January 26, 2021
The prominent fighter for the rights of Hispanics in Florida, Osvaldo Soto, passed away last Saturday in Miami at the age of 91, as a result of Parkinson's.
Osvaldo was founder and director, for 27 years, of La Liga Hispanoamericana Contra la Discriminación (SALAD), an organization that emerged to give voice to an emerging and evolving Hispanic population in South Florida and that has fought to eradicate discriminatory practices regarding access to housing, employment, and education in the state.
His activism constituted an important pillar against the English Only resolution, which after the massive arrival of Cubans from the Mariel exodus in 1980, generated a wave of rejection toward Spanish-speaking immigrants in South Florida.
For more than 10 years, Florida prevented the holding of wedding ceremonies in Spanish, as well as the processing of documents and other legal procedures, limiting the life, integration, and access of Cubans to the dynamics of the new society.
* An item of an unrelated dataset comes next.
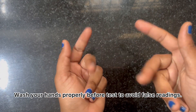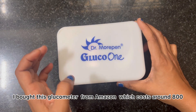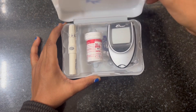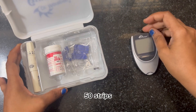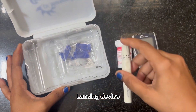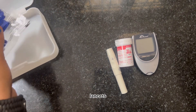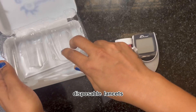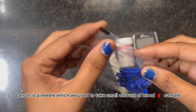I bought this glucometer from Amazon, which costs around 800 rupees. It is a combo pack which contains a glucometer, 50 strips, a lancing device, and lancets. The lancet is a disposable needle which we use to take a small amount of blood sample.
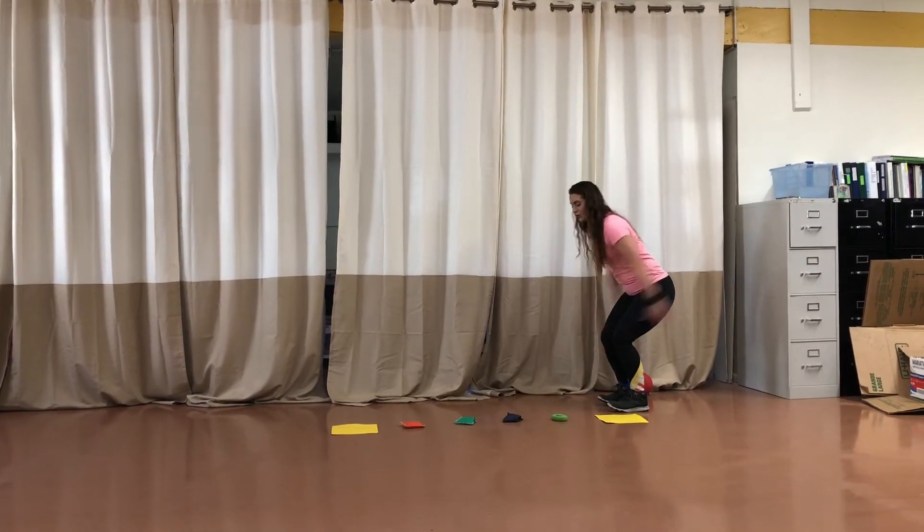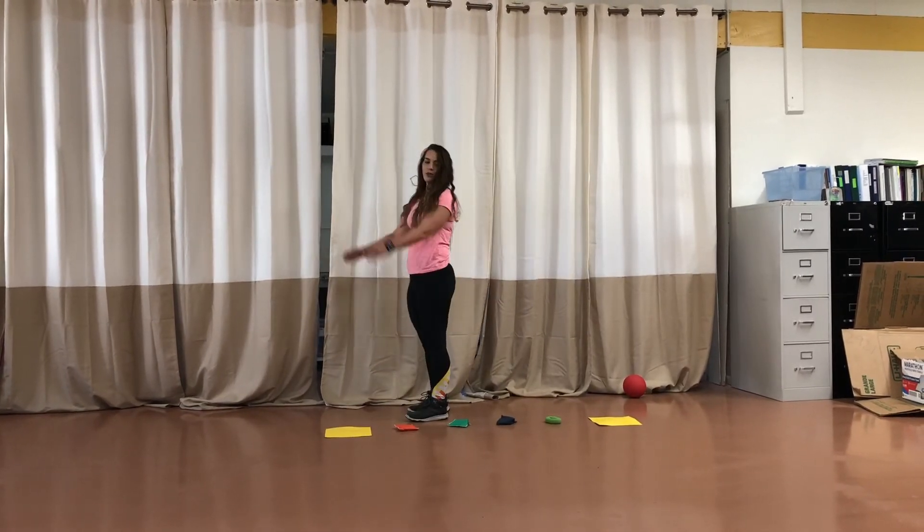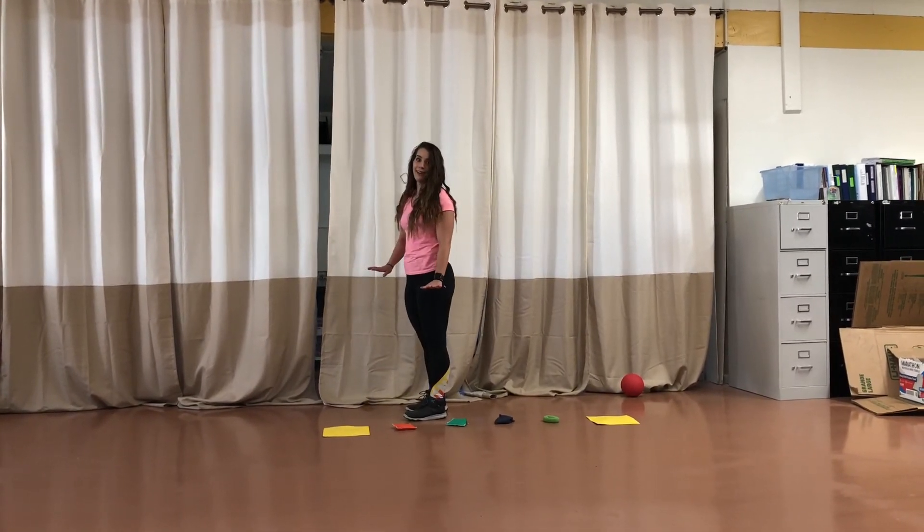One, two, three, and jump. Try to land without falling over. I know it can be hard.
Soto will be remembered for his fight against the "English Only" ordinance in effect in Miami-Dade County for all official acts and documents during the 1980s, which he combated, among other ways, by officiating weddings in Spanish in the open air in the Little Havana neighborhood.
A lawyer by training, he shared classrooms at the University of Havana with Fidel Castro, whom he supported to overthrow Fulgencio Batista, although shortly after 1959, disappointed by the direction the revolutionary process was taking, he decided to go into exile in Miami.
Soto also was a member of the Brigada de Asalto 2506, which carried out the failed invasion of Playa Girón in April 1961.
Subsequently, Soto dedicated himself to teaching in the states of Wyoming and Virginia, and was a professor at Iowa State University, before returning to Florida in the mid-1970s and obtaining his law license.
Soto is survived by his wife, Bertila Soto, 82 years old, and his children Bertila Soto, Osvaldo Nestor Soto Jr., Eduardo Soto, and Rick Soto.